Anda jadi ragu bertawassul setelah mendengar ceramah ustadz-ustadz di TV dan radio? Biasanya, mereka menyebut diri dengan ‘ustadz-ustadz Sunnah’.
Jangan ragu, bolehnya bertawassul – termasuk dengan orang shalih yang sudah wafat – seharusnya juga pendapat yang disetujui ulama!
Ulama memang berbeda pendapat tentang kebolehan tawassul dengan Nabi Muhammad SAW setelah kewafatan beliau, misalnya dengan mengatakan dalam doa:
اللَّهُمَّ إِنِّي أَسْأَلُك بِنَبِيِّك
اللَّهُمَّ إِنِّي أَسْأَلُك بِجَاهِ نَبِيَّك
اللَّهُمَّ إِنِّي أَسْأَلُك بِحَقِّ نَبِيَّك
Tapi bagaimana sebenarnya peta perbedaan pendapat para ulama tentang hukum tawassul ini?
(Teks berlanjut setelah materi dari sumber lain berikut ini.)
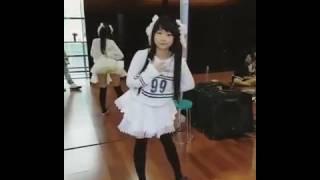 Goyang Dumang - Cita Citata Ola Shojo Complex Cover Dance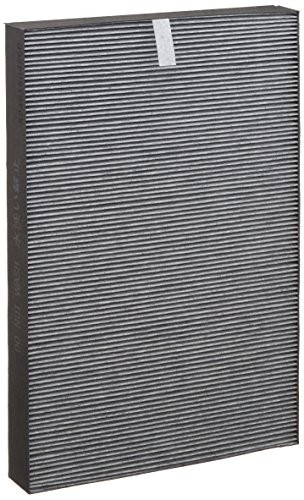 SHARP Humidified Air Cleaner Deodorizing Integrated Filter FZA40SF Japan 192845 - Photo 1 sur 3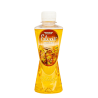 Parfum De 200Ml Rufe Opium Elixir Lux Elixir - 1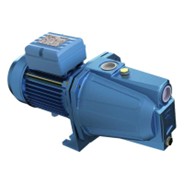 بورس پمپ آب تهران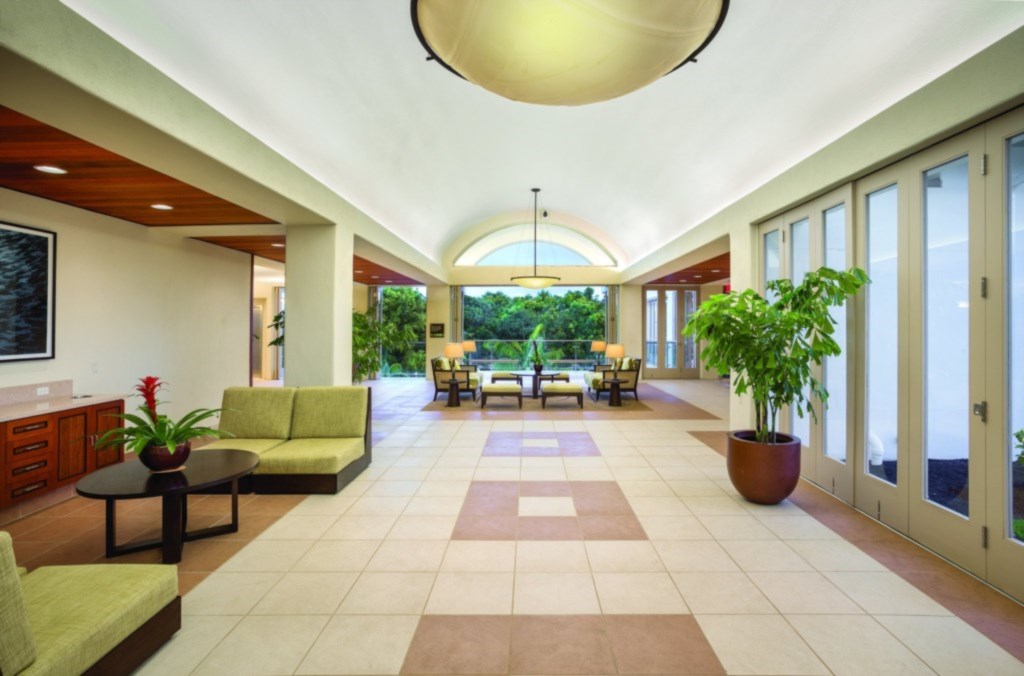 Wyndham Bali Hai Villas_z20.jpg
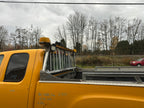 2011 GMC Sierra C2500HD 4.8 – G2529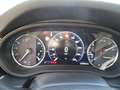 Opel Insignia Country Tourer Exclusive 4x4*A/T*Leder*Navi*OPC* Blau - thumbnail 10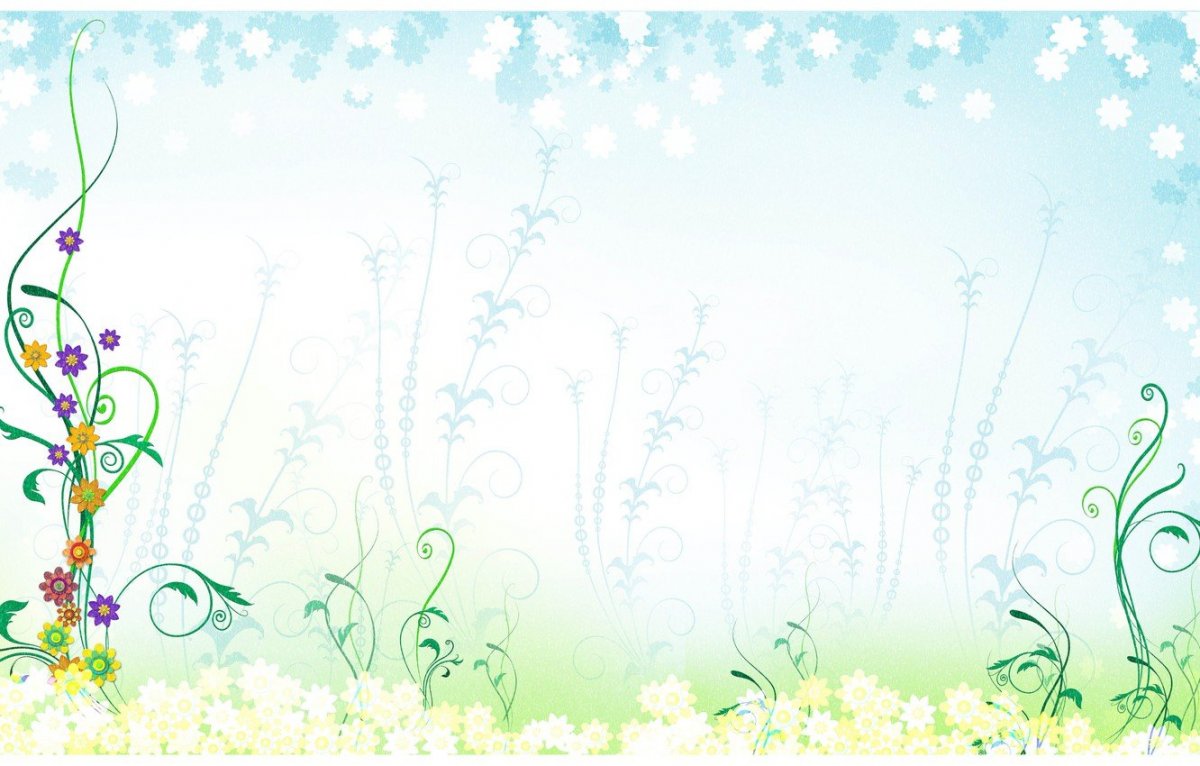 Баннер для детского сада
Coba telusuri kitab-kitab mereka, semisal Syarh al-Mawahib, 8 / 304-305, al-Madkhal dan 1/248 dari Madzhab Maliki, I’anah al-Thalibin, 2/315 dari Madzhab Syafi’i, al-Mughni ( 2/113) dari Madzhab Hanbali, al-Kamal bin al-Humam, Fath al-Qadir, 2/337, al-Ikhtiyar, 1 / 174-175, Maraqi al-Falah bi Hasyiyah al-Thahthawi, hal 407, Hasyiyah al -Thahthawi ‘ala al-Durr al-Mukhtar, 1/562, al-Fatawa al-Hindiyah, 1/266) .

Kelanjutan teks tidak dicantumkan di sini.